The northern coast of Malta began to be fortified in the early 17th century. The first fortification to be built in Mellieħa was Saint Agatha's Tower, which was completed in 1649. This large tower was built on Marfa Ridge, overlooking Mellieħa Bay, with clear views of Comino and Gozo. The smaller Għajn Ħadid Tower and Armier Tower were also built in the limits of Mellieħa in 1658.

A series of coastal batteries, redoubts and entrenchments were also built in Mellieħa in the 18th century. Several of these still survive, such as Mistra Battery, Vendôme Battery, Wied Musa Battery and Westreme Battery. The Devil's Farmhouse found at Ta' Randa area is an example of Maltese farmhouses built in the 18th century.

British period to present day

Mellieħa, as it is today, developed whilst Malta was under British rule. The village became a parish once again in 1844, and began to develop after the British encouraged people to settle in the area by giving leases to the population. The parish church was built in various stages in the late 19th and early 20th centuries and it is said that the locals helped building the church. A postal agency opened in Mellieħa in 1891.

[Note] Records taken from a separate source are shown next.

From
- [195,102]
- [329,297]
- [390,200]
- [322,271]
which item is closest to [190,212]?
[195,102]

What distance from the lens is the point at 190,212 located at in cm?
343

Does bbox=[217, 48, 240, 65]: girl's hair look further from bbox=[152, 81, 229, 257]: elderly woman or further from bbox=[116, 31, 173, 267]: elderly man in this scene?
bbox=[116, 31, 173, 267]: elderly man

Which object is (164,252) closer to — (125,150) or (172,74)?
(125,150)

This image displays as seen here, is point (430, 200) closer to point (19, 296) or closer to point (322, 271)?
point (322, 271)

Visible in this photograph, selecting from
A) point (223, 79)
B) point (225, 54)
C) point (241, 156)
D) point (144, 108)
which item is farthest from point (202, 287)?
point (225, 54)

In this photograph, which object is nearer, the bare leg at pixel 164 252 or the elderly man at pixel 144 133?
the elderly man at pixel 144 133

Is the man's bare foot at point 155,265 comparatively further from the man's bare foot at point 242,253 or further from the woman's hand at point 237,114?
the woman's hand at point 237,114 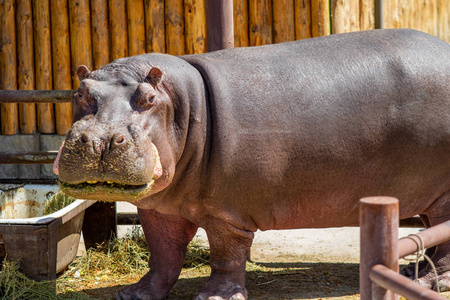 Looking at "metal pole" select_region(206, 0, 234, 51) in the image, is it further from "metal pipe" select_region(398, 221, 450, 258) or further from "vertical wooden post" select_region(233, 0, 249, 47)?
"metal pipe" select_region(398, 221, 450, 258)

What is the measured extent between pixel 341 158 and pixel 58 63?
3657mm

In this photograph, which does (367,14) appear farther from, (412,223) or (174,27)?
(412,223)

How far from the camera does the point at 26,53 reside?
6.33 metres

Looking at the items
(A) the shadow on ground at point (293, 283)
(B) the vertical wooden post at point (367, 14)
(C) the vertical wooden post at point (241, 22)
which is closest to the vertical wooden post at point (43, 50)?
(C) the vertical wooden post at point (241, 22)

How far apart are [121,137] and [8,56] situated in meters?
3.96

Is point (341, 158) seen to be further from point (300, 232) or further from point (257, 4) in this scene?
point (257, 4)

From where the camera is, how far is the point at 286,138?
342 cm

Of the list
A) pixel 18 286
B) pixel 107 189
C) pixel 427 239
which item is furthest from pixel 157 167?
pixel 427 239

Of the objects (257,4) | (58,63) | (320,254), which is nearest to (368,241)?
(320,254)

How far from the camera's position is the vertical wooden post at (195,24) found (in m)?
6.06

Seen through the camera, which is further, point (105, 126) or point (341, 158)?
point (341, 158)

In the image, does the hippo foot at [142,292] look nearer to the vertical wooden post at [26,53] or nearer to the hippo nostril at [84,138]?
the hippo nostril at [84,138]

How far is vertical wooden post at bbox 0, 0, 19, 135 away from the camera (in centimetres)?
633

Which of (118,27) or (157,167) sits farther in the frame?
(118,27) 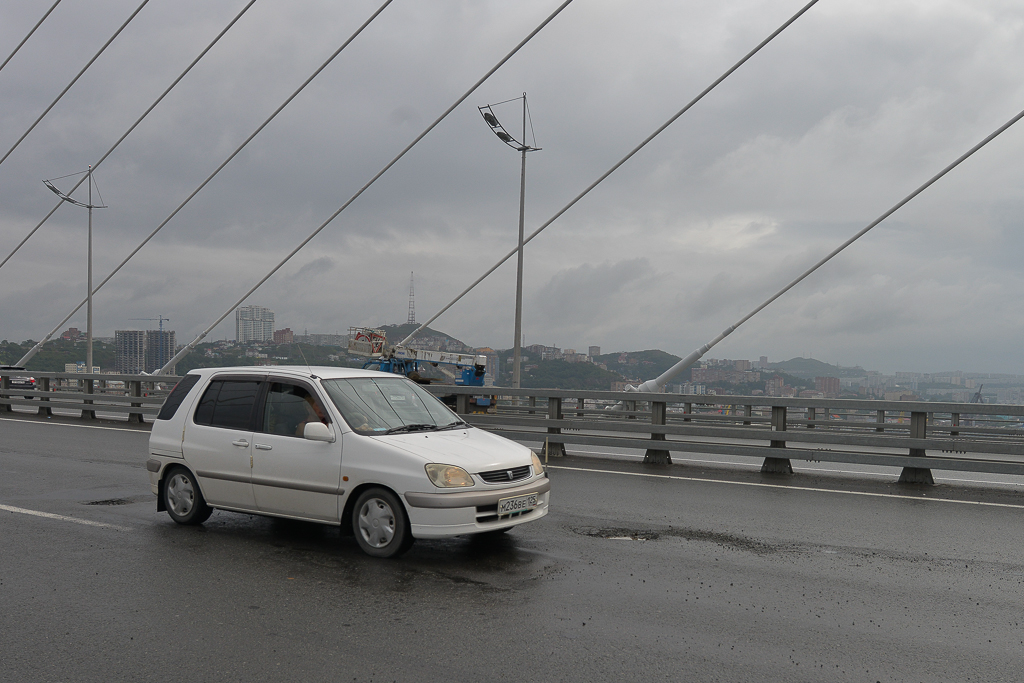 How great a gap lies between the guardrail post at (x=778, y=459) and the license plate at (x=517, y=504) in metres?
6.45

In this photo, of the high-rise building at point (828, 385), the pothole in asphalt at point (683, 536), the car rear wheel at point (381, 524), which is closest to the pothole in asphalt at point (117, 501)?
the car rear wheel at point (381, 524)

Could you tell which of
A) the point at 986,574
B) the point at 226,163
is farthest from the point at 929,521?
the point at 226,163

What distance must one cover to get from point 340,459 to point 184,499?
2.07 meters

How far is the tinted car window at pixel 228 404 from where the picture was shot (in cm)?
745

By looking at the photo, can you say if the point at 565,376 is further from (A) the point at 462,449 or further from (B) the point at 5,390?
(A) the point at 462,449

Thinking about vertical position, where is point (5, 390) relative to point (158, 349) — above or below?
below

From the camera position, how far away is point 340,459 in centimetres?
666

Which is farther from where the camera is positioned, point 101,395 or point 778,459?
point 101,395

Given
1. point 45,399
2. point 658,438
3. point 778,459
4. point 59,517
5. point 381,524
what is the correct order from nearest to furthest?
point 381,524
point 59,517
point 778,459
point 658,438
point 45,399

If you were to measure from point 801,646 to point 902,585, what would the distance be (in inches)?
70.9

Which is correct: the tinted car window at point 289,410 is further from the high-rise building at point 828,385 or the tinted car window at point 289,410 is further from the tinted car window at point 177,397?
the high-rise building at point 828,385

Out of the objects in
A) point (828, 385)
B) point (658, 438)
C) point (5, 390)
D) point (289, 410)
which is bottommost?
point (658, 438)

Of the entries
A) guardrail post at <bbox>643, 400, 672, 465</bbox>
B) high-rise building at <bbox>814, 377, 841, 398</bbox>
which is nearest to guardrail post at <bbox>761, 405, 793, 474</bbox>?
guardrail post at <bbox>643, 400, 672, 465</bbox>

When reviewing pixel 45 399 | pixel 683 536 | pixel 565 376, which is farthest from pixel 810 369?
pixel 45 399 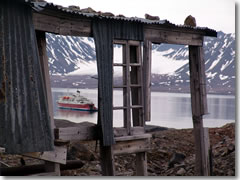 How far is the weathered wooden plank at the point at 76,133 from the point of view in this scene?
725 cm

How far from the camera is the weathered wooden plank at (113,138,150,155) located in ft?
26.0

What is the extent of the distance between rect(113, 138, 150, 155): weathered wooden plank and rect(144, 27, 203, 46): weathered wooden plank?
A: 174 centimetres

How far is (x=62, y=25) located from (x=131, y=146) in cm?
234

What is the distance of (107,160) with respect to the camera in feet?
Result: 25.5

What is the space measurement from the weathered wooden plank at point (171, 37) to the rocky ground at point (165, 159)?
2510 mm

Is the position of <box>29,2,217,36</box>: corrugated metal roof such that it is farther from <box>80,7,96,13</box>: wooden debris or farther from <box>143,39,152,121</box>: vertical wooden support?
<box>143,39,152,121</box>: vertical wooden support

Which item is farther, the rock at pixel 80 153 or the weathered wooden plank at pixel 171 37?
the rock at pixel 80 153

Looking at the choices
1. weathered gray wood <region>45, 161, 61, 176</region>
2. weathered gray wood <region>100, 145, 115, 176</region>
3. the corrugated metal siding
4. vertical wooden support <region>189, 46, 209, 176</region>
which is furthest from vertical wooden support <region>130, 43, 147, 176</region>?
weathered gray wood <region>45, 161, 61, 176</region>

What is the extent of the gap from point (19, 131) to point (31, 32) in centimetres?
128

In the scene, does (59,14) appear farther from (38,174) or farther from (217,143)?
(217,143)

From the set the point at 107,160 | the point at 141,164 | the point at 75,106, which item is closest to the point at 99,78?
the point at 107,160

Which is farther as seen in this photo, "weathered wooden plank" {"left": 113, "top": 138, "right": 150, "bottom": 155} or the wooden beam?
"weathered wooden plank" {"left": 113, "top": 138, "right": 150, "bottom": 155}

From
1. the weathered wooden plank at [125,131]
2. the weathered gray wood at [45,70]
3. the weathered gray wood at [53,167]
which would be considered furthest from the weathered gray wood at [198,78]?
the weathered gray wood at [53,167]

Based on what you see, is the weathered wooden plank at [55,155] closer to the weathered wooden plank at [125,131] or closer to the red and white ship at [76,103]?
the weathered wooden plank at [125,131] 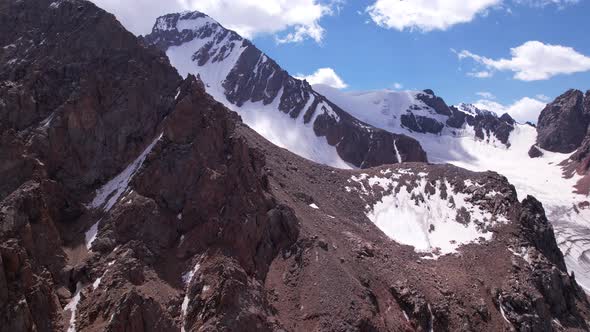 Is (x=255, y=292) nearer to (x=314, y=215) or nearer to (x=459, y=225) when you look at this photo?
(x=314, y=215)

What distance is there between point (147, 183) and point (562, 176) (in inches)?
5091

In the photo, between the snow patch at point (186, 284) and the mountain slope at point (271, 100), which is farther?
the mountain slope at point (271, 100)

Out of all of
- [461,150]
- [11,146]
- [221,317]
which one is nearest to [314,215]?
[221,317]

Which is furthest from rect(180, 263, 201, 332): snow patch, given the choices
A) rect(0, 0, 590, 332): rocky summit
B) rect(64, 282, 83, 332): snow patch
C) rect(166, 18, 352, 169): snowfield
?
rect(166, 18, 352, 169): snowfield

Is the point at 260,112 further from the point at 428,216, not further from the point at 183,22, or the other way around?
the point at 428,216

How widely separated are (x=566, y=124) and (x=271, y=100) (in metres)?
90.4

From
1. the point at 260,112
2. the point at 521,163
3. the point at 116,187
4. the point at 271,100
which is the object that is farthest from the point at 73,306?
the point at 521,163

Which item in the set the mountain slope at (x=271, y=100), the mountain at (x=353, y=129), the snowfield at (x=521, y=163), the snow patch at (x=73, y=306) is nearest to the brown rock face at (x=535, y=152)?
the mountain at (x=353, y=129)

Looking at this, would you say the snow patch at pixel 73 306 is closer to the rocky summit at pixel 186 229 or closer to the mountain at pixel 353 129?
the rocky summit at pixel 186 229

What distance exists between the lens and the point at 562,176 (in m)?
144

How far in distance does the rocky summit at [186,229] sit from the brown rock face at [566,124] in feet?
393

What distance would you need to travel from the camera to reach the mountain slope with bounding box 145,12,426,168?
12694 cm

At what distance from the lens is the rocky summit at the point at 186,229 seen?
3425 cm

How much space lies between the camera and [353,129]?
133125 millimetres
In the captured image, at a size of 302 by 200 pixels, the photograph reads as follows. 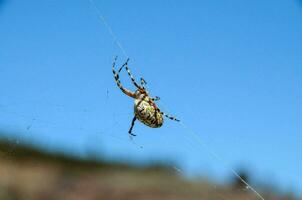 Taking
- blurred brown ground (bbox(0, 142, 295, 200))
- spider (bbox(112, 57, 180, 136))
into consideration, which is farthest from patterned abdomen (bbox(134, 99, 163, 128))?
blurred brown ground (bbox(0, 142, 295, 200))

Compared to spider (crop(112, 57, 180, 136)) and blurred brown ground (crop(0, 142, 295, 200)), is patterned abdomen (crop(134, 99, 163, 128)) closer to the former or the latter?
spider (crop(112, 57, 180, 136))

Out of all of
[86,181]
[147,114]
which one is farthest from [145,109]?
[86,181]

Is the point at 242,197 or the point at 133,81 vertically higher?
the point at 242,197

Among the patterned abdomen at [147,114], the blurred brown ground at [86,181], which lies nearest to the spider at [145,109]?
the patterned abdomen at [147,114]

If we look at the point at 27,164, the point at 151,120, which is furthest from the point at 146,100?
the point at 27,164

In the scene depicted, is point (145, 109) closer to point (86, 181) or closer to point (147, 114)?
point (147, 114)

Just before World War II, Fort Campbell was built in Selmun, whilst Mellieħa Fort was built on top of Mellieħa Hill as a lookout post. The British also built a number of pillboxes around the coastline of Mellieħa, for defensive purposes in case of an Italian or German invasion.

Mellieħa has seen a lot of development since the end of the war. The Mellieħa Local Council was established by the Local Councils Act of 1993.

Geography

The town of Mellieħa stands on a group of hills on the northwest coast of the main island. Mellieħa proper consists of the areas of Mellieħa Heights, Santa Maria Estate, il-Qortin, Ta' Pennellu, Ta' Masrija and Tal-Ibraġ. The nearby villages of Manikata and Selmun also fall under Mellieħa's jurisdiction.

The town overlooks Mellieħa Bay, which includes Għadira Bay, the largest sandy beach in Malta. To the east of the town and bay, there is the Selmun peninsula, and St Paul's Islands lie about 80 metres off the coast. Mistra Bay lies close to Selmun, and this marks the boundary between Mellieħa and St. Paul's Bay.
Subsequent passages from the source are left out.